TASK PROMPT -> Restate word for word only the lines running from the one with "German Officer sword" to the end of the data, both ends included. Omit any pictures.

DATASET ->
○ ○ ○
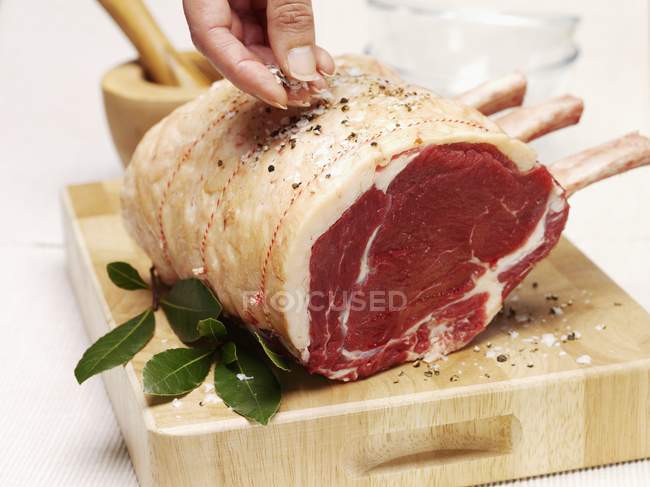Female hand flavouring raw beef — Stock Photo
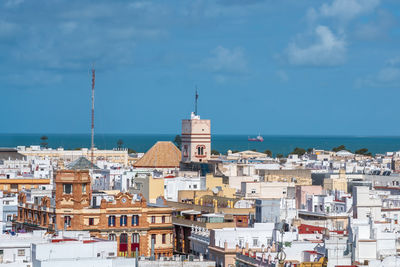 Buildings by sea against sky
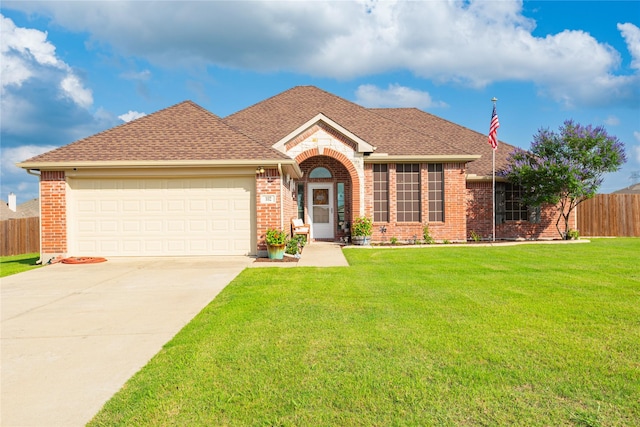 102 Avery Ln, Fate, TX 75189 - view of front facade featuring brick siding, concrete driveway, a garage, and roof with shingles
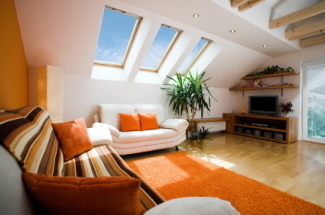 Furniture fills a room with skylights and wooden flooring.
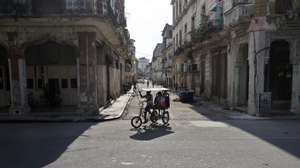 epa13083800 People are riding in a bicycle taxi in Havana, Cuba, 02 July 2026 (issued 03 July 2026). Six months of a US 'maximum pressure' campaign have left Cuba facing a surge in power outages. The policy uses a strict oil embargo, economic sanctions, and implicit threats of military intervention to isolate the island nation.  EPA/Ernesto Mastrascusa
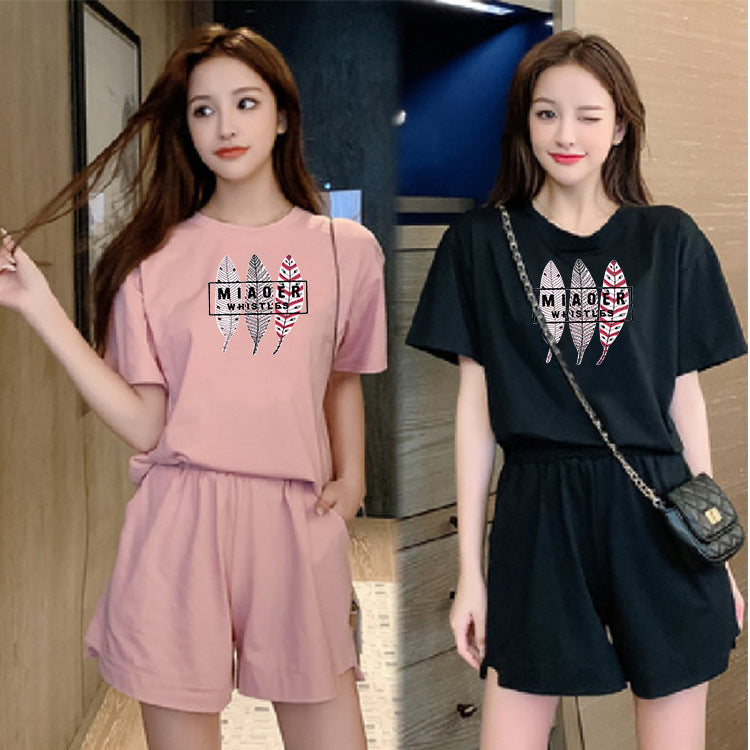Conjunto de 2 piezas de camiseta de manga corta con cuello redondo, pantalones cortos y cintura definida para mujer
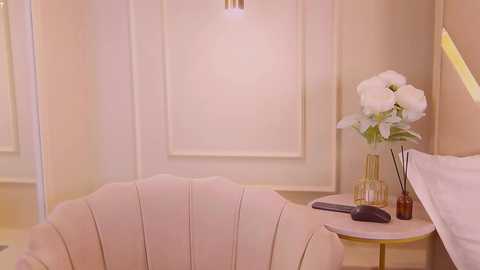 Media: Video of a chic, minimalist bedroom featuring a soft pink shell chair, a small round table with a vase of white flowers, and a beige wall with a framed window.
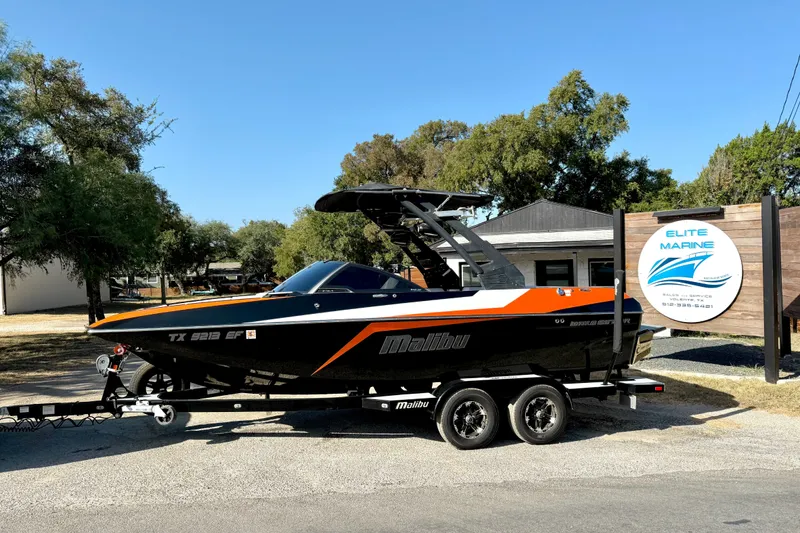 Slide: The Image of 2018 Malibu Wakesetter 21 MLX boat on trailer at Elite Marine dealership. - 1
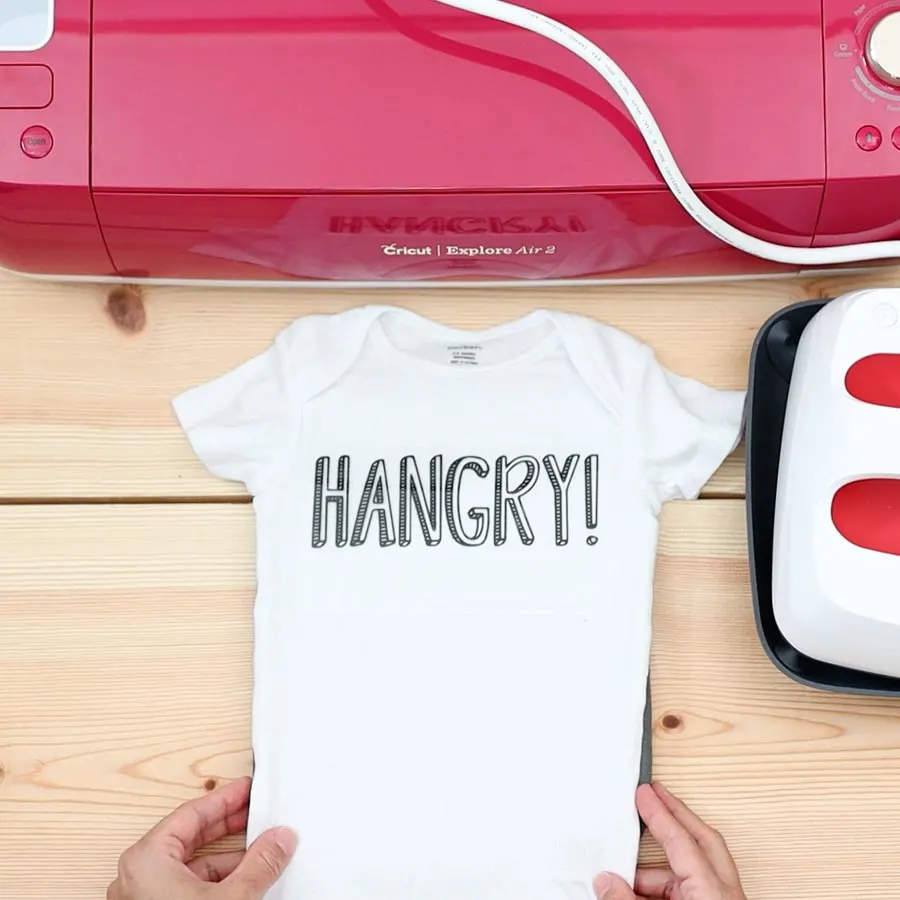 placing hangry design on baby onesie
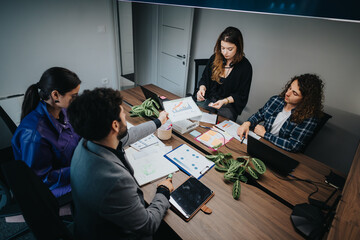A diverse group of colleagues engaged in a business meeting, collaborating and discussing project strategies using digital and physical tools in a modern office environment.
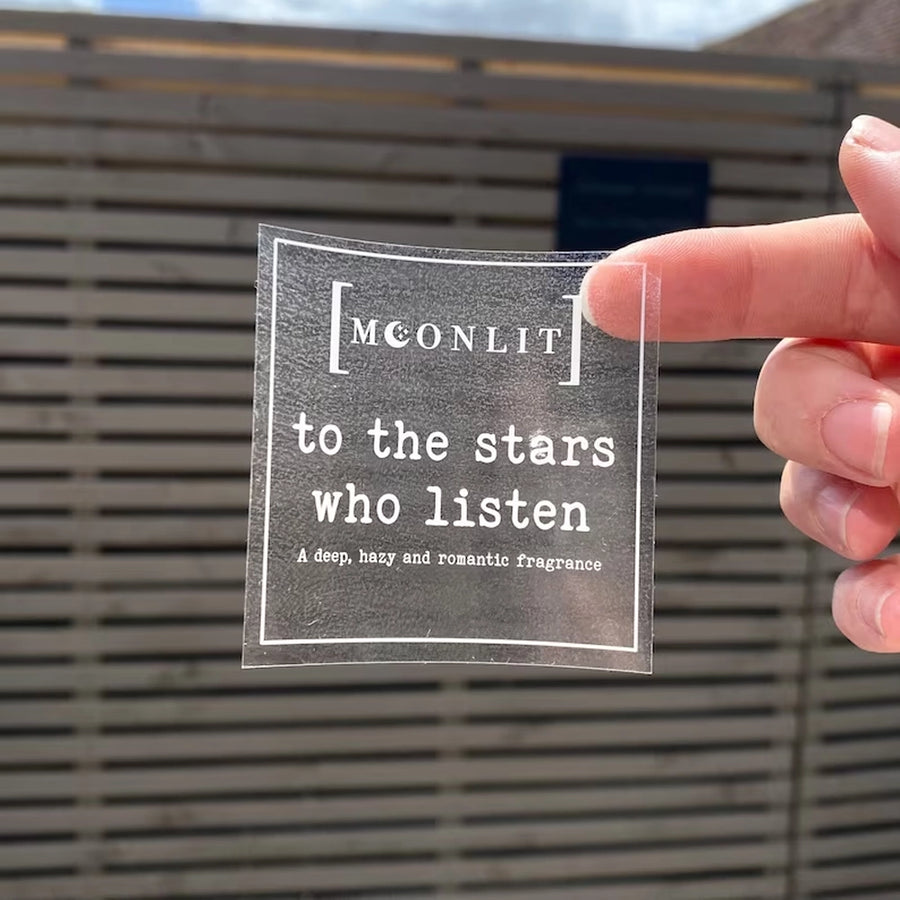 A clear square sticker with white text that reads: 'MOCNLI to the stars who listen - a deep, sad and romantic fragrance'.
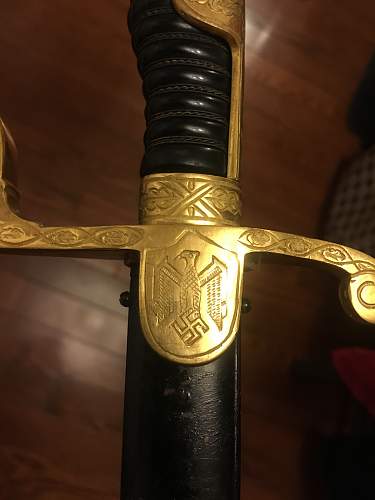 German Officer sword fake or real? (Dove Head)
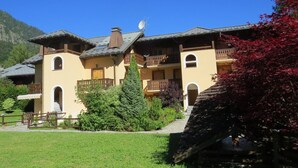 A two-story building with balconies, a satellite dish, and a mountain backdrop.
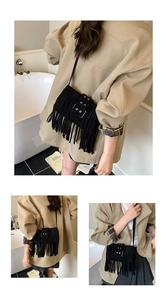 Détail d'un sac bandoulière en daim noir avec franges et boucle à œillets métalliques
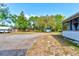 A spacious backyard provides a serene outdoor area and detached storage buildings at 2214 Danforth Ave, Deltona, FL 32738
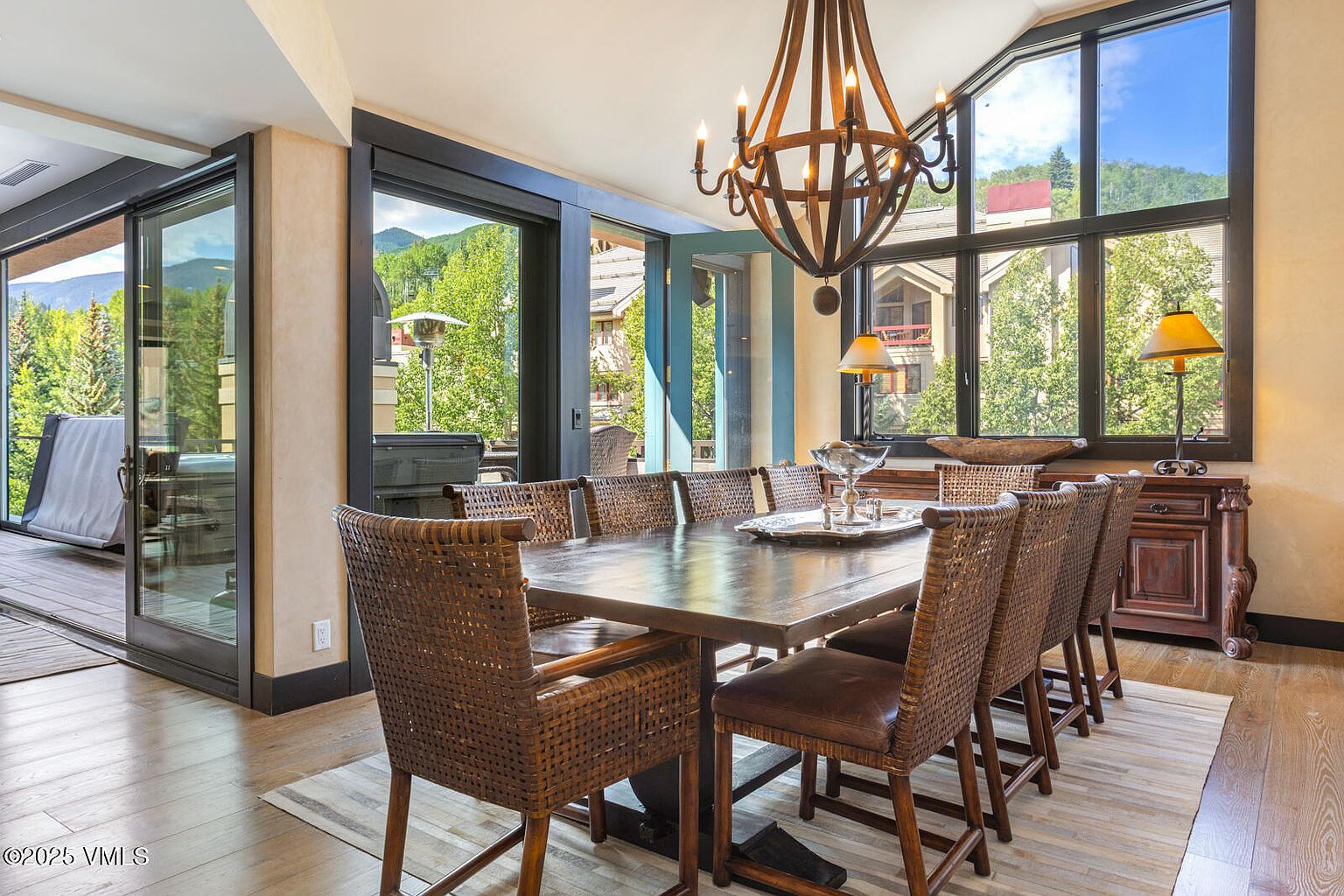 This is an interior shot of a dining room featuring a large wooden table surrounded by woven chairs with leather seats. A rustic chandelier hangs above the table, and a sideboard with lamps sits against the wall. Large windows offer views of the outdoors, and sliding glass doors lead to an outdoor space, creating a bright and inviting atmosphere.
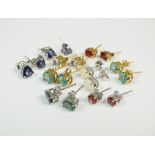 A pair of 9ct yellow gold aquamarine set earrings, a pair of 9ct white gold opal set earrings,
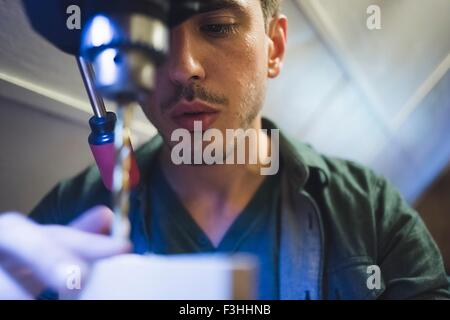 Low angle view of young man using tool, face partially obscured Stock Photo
○ ○ ○
RESULT ->
 German Officer sword fake or real? (Dove Head)
 A two-story building with balconies, a satellite dish, and a mountain backdrop.
 Détail d'un sac bandoulière en daim noir avec franges et boucle à œillets métalliques
 A spacious backyard provides a serene outdoor area and detached storage buildings at 2214 Danforth Ave, Deltona, FL 32738
 This is an interior shot of a dining room featuring a large wooden table surrounded by woven chairs with leather seats. A rustic chandelier hangs above the table, and a sideboard with lamps sits against the wall. Large windows offer views of the outdoors, and sliding glass doors lead to an outdoor space, creating a bright and inviting atmosphere.
 A pair of 9ct yellow gold aquamarine set earrings, a pair of 9ct white gold opal set earrings,
 Low angle view of young man using tool, face partially obscured Stock Photo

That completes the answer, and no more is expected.